''Hatay İnanç Turizmi Sempozyumu''
Üç semavi dinin temsilcilerinin bir arada yaşadığı ve "Hoşgörü kenti" olarak anılan Hatay'da, bu yıl ilki düzenlenen "Hatay İnanç Turizmi Sempozyumu"nda dini kanaat önderleri tüm dünyaya birlik, beraberlik ve kardeşlik mesajı verdi.
Antakya'da bir otelde düzenlenen sempozyum, saygı duruşunda bulunulması ve İstiklal Marşı'nın okunmasıyla başladı. Ardından, Antakya Nakip Cami imamı Musa Esadoğlu, Kur'an-ı Kerim okudu.
Hatay Valisi Ercan Topaca, açılışta yaptığı konuşmada, gerçekleştirilen etkinliğin dünya barışına katkı sunmasını diledi.
Hatay'ın tüm medeniyetlerin, kültürlerin ve inançların kesiştiği, harmanlandığı coğrafya olduğunu vurgulayan Topaca, şöyle devam etti:
"Makam odamda oturduğum anda bir taraftan ezanı dinlerken bir taraftan ilimizdeki kiliselerden gelen çan sesini de dinleyebiliyorum. Bu hiç kimse tarafından yadırganmıyor, çok doğal, hayatın akışı gibi görülebiliyor. Müslümanı, Hristiyanı, Musevisi aynı yemekte, aynı cenazede, aynı bayramda buluşabiliyor. Bu önemli bir değerdir. Aslında çok kolay başarılacak bir husus da değildir. Çok demokratik, gelişmiş dediğimiz birçok ülkede bu hoşgörüyü, birlikteliği, saygıyı ve sevgiyi görmek mümkün değildir. Tabi bu kültür, anlayış, binlerce yıllık beraberliğin, kaynaşmanın, birlikte paylaşmanın bir neticesidir. Hatay, bu hususta dünyaya eşsiz bir örnek teşkil etmektedir. Biz bu özelliğimizi ne kadar dünyaya anlatabildik, ne kadar insanlığın hizmetine sunabildik sorusunu sorduğumuzda burada çok başarılı olamadığımızı görüyoruz. Onun için inanç sempozyumunu ve onun devamında, insanların tanışıp görüşmesi ve kaynaşması için turizmi de bir vesile olarak gördüğümüzden bu toplantıyı düzenlemeye karar verdik."

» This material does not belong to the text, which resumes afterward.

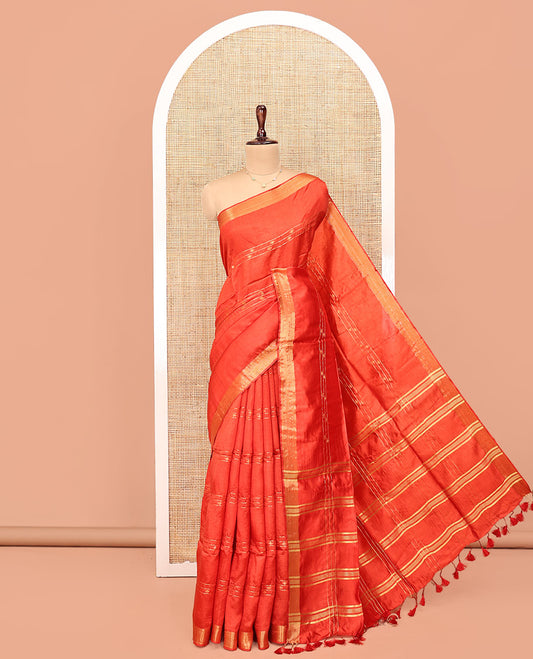 Orange Banana Pith Saree, Decked Up with Buttas and Stripes All Over Its Body, Highlighted by Self-Border, Pallu of Zari Stripes, and Paired with a Matching Blouse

Topaca, sempozyumda paylaşılan bilgilerin insanlık için yol gösterici olacağını kaydetti.
Sempozyumun barışı getirmesini dileyen Topaca, "Hatay'ın hemen güneyinde, insanların birbirlerini hangi sebepten olursa olsun öldürdüğü, yerinden yurdundan ettiği düşmanca bir fitnenin fesadın olduğu bu coğrafyada, bu değerli şahsiyetlerin bilgilerine dünyanın çok ihtiyacı var. Bunun ortaya çıkması ve dünya barışının sağlanması için bu toplantıyı düzenledik. Olumlu neticeler alacağımızı tahmin ediyorum" dedi.
Topaca, bu yıl ilki düzenlenen sempozyumun, devamının geleceğini sözlerine ekledi.
- Din adamlarından birlik çağrısı
İl Müftüsü Hamdi Kavillioğlu da Hatay'ın vatandaşların asırlardır birlik ve beraberlik içerisinde yaşadığı bir coğrafya olduğuna dikkati çekti.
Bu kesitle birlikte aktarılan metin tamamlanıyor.